TQAre you a plotter, a pantser or a hybrid?

Elan:  I’m a hybrid. I tend to marinate on an idea for a long time before I begin writing and a big part of that is working out the main turns of the plot. And I never start the writing process until I feel I’ve got a strong ending in place. Otherwise it’s like going on a road trip with no destination. I need my ending so I can plan the best route to get there. But I also leave a lot of open space to explore the territory and discover the unexpected. I never want a story to be so tightly plotted that the characters don’t have room to surprise me. Some of my favorite moments in All Our Wrong Todays were totally unplanned, but once I found them I couldn’t imagine the book any other way. Also, I’ve never heard either of these terms before—plotter and pantser—and had to look them up before I could answer. So this Q&A has been highly educational already.



TQWhat is the most challenging thing for you about writing?

Elan:  Curtailing my use of adverbs.



TQWhat has influenced / influences your writing? How does being a screenwriter influence or not your novel writing?

Elan:  Mostly I’m influenced by other novelists. Off the top of my head: Kurt Vonnegut, Philip K Dick, Aldous Huxley, JK Rowling, Audrey Niffenegger, Junot Diaz, Kazuo Ishiguro, David Mitchell, Dave Eggers, Neal Stephenson, Sheila Heti, Michel Houellebecq, Miranda July, Joseph Heller, Michael Ende, Katherine Paterson, and Daniel Quinn.

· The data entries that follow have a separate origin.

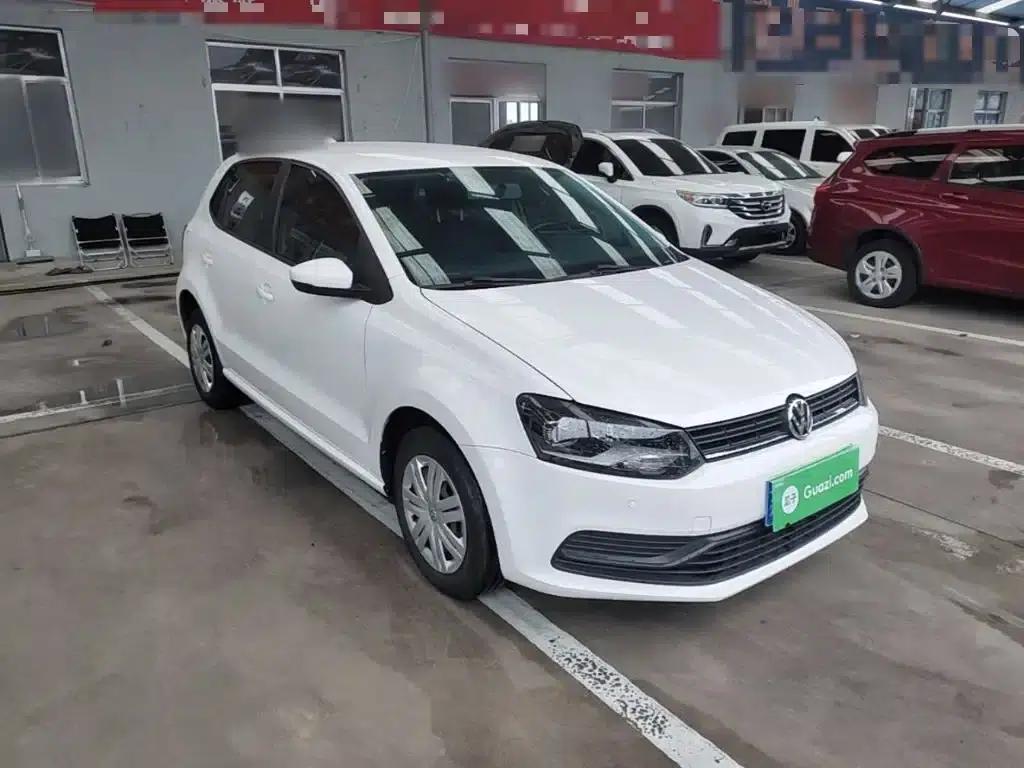 2016 Polo 1.4L Automatic Fashion Edition — миниатюра 4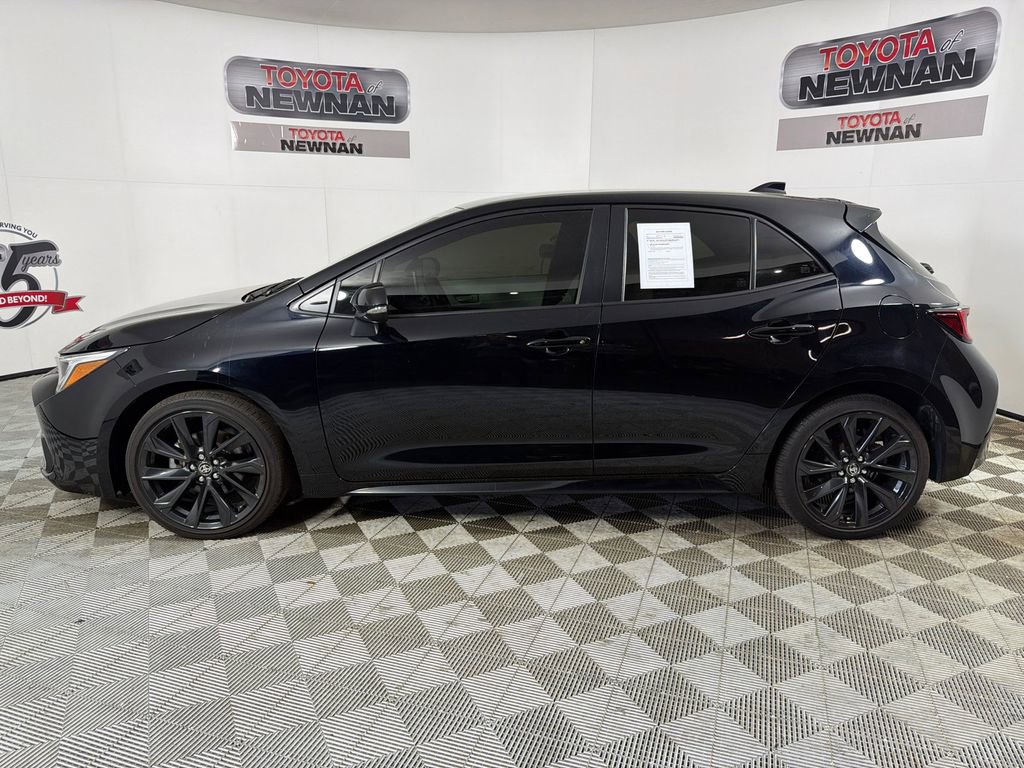 Used 2025 Toyota Corolla XSE image 6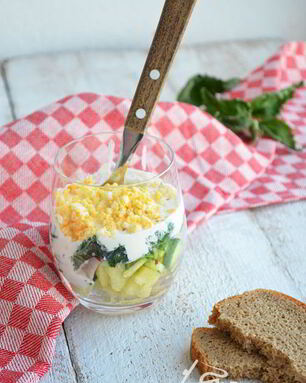 Картофельный салат с крапивой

Screenwriting definitely influences my novel-writing, in large part because I’ve been a screenwriter for fifteen years and my first novel only came out last month! Screenwriting has a very specific style and it’s a style I’m very comfortable with after all these years. Scripts are always written in the third person, present-tense, with a lean but visually dynamic use of language, and an external perspective on the characters, defining them by what they say and do because there’s no access to their inner thoughts. Now, All Our Wrong Todays isn’t written like that at all. It’s in the first person, it jumps around in time, both figuratively and literally, it explores character interiority with a casual, funny, self-effacing narrative voice. But despite those stylistic differences, I still drew off my screenwriting experience to make sure the novel offer readers a strong visual experience, characters defined by what they say and do, and a pervading sense that every word matters. I was writing a novel, not a movie, but I wanted the book to feel as vivid as a movie being projected into the reader’s brain.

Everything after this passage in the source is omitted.